[Entries taken from a collection]
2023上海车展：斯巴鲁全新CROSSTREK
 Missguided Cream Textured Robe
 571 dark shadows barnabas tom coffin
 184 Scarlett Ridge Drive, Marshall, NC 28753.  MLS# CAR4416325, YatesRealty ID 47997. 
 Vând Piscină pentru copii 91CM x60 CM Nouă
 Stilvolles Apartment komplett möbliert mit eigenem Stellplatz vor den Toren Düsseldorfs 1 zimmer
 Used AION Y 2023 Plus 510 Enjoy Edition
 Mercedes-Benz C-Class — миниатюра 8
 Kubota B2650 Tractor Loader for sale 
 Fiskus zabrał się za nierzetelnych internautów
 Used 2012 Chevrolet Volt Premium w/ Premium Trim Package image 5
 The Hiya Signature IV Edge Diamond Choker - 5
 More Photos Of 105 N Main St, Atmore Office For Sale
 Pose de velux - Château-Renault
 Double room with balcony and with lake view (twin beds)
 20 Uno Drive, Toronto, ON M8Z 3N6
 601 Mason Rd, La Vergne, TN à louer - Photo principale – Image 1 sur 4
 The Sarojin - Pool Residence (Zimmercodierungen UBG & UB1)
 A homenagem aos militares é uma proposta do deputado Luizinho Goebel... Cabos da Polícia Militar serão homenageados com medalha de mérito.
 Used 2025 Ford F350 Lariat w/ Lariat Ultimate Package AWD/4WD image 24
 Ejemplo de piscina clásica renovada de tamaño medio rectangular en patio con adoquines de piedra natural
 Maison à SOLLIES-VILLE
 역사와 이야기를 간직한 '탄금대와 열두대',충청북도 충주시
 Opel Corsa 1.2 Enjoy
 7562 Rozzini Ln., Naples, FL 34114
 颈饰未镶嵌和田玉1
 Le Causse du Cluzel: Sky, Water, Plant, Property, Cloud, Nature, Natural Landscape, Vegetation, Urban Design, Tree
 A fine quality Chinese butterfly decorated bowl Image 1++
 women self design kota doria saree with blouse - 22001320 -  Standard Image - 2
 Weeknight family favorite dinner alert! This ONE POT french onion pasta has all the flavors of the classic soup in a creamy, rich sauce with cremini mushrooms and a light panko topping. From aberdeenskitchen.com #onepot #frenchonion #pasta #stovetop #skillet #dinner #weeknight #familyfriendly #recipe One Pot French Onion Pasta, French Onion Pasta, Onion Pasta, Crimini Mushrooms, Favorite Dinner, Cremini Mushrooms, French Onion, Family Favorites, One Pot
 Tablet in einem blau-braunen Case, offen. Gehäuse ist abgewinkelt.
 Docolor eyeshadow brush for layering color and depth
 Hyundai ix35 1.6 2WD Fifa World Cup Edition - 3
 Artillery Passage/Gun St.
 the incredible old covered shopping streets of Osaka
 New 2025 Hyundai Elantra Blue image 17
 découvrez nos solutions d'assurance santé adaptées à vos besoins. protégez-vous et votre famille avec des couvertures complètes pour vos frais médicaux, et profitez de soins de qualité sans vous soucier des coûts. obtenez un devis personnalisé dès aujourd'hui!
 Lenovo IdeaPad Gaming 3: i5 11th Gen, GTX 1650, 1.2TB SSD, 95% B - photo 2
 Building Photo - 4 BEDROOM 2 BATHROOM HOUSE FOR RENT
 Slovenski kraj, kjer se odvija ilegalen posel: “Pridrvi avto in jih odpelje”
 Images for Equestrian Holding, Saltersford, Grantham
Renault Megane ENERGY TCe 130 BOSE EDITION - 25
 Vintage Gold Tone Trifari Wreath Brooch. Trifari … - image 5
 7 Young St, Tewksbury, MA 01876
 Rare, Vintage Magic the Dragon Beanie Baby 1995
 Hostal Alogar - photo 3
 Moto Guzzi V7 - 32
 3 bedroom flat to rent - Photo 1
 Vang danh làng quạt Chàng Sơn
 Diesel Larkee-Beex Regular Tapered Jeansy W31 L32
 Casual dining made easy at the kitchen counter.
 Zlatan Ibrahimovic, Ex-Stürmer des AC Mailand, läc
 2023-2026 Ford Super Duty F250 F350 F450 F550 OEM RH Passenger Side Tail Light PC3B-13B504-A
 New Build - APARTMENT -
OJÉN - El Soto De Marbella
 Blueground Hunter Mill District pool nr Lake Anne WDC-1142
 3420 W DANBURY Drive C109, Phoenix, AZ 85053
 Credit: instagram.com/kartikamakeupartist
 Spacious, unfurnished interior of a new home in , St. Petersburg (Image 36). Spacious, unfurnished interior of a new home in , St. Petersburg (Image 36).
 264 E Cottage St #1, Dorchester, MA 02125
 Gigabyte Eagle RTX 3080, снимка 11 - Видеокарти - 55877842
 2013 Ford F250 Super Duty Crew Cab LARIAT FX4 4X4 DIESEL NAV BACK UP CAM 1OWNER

:: TASK ::
Repeat, word for word, every line above.

:: EXERCISE ANSWER ::
2023上海车展：斯巴鲁全新CROSSTREK
 Missguided Cream Textured Robe
 571 dark shadows barnabas tom coffin
 184 Scarlett Ridge Drive, Marshall, NC 28753.  MLS# CAR4416325, YatesRealty ID 47997. 
 Vând Piscină pentru copii 91CM x60 CM Nouă
 Stilvolles Apartment komplett möbliert mit eigenem Stellplatz vor den Toren Düsseldorfs 1 zimmer
 Used AION Y 2023 Plus 510 Enjoy Edition
 Mercedes-Benz C-Class — миниатюра 8
 Kubota B2650 Tractor Loader for sale 
 Fiskus zabrał się za nierzetelnych internautów
 Used 2012 Chevrolet Volt Premium w/ Premium Trim Package image 5
 The Hiya Signature IV Edge Diamond Choker - 5
 More Photos Of 105 N Main St, Atmore Office For Sale
 Pose de velux - Château-Renault
 Double room with balcony and with lake view (twin beds)
 20 Uno Drive, Toronto, ON M8Z 3N6
 601 Mason Rd, La Vergne, TN à louer - Photo principale – Image 1 sur 4
 The Sarojin - Pool Residence (Zimmercodierungen UBG & UB1)
 A homenagem aos militares é uma proposta do deputado Luizinho Goebel... Cabos da Polícia Militar serão homenageados com medalha de mérito.
 Used 2025 Ford F350 Lariat w/ Lariat Ultimate Package AWD/4WD image 24
 Ejemplo de piscina clásica renovada de tamaño medio rectangular en patio con adoquines de piedra natural
 Maison à SOLLIES-VILLE
 역사와 이야기를 간직한 '탄금대와 열두대',충청북도 충주시
 Opel Corsa 1.2 Enjoy
 7562 Rozzini Ln., Naples, FL 34114
 颈饰未镶嵌和田玉1
 Le Causse du Cluzel: Sky, Water, Plant, Property, Cloud, Nature, Natural Landscape, Vegetation, Urban Design, Tree
 A fine quality Chinese butterfly decorated bowl Image 1++
 women self design kota doria saree with blouse - 22001320 -  Standard Image - 2
 Weeknight family favorite dinner alert! This ONE POT french onion pasta has all the flavors of the classic soup in a creamy, rich sauce with cremini mushrooms and a light panko topping. From aberdeenskitchen.com #onepot #frenchonion #pasta #stovetop #skillet #dinner #weeknight #familyfriendly #recipe One Pot French Onion Pasta, French Onion Pasta, Onion Pasta, Crimini Mushrooms, Favorite Dinner, Cremini Mushrooms, French Onion, Family Favorites, One Pot
 Tablet in einem blau-braunen Case, offen. Gehäuse ist abgewinkelt.
 Docolor eyeshadow brush for layering color and depth
 Hyundai ix35 1.6 2WD Fifa World Cup Edition - 3
 Artillery Passage/Gun St.
 the incredible old covered shopping streets of Osaka
 New 2025 Hyundai Elantra Blue image 17
 découvrez nos solutions d'assurance santé adaptées à vos besoins. protégez-vous et votre famille avec des couvertures complètes pour vos frais médicaux, et profitez de soins de qualité sans vous soucier des coûts. obtenez un devis personnalisé dès aujourd'hui!
 Lenovo IdeaPad Gaming 3: i5 11th Gen, GTX 1650, 1.2TB SSD, 95% B - photo 2
 Building Photo - 4 BEDROOM 2 BATHROOM HOUSE FOR RENT
 Slovenski kraj, kjer se odvija ilegalen posel: “Pridrvi avto in jih odpelje”
 Images for Equestrian Holding, Saltersford, Grantham
Renault Megane ENERGY TCe 130 BOSE EDITION - 25
 Vintage Gold Tone Trifari Wreath Brooch. Trifari … - image 5
 7 Young St, Tewksbury, MA 01876
 Rare, Vintage Magic the Dragon Beanie Baby 1995
 Hostal Alogar - photo 3
 Moto Guzzi V7 - 32
 3 bedroom flat to rent - Photo 1
 Vang danh làng quạt Chàng Sơn
 Diesel Larkee-Beex Regular Tapered Jeansy W31 L32
 Casual dining made easy at the kitchen counter.
 Zlatan Ibrahimovic, Ex-Stürmer des AC Mailand, läc
 2023-2026 Ford Super Duty F250 F350 F450 F550 OEM RH Passenger Side Tail Light PC3B-13B504-A
 New Build - APARTMENT -
OJÉN - El Soto De Marbella
 Blueground Hunter Mill District pool nr Lake Anne WDC-1142
 3420 W DANBURY Drive C109, Phoenix, AZ 85053
 Credit: instagram.com/kartikamakeupartist
 Spacious, unfurnished interior of a new home in , St. Petersburg (Image 36). Spacious, unfurnished interior of a new home in , St. Petersburg (Image 36).
 264 E Cottage St #1, Dorchester, MA 02125
 Gigabyte Eagle RTX 3080, снимка 11 - Видеокарти - 55877842
 2013 Ford F250 Super Duty Crew Cab LARIAT FX4 4X4 DIESEL NAV BACK UP CAM 1OWNER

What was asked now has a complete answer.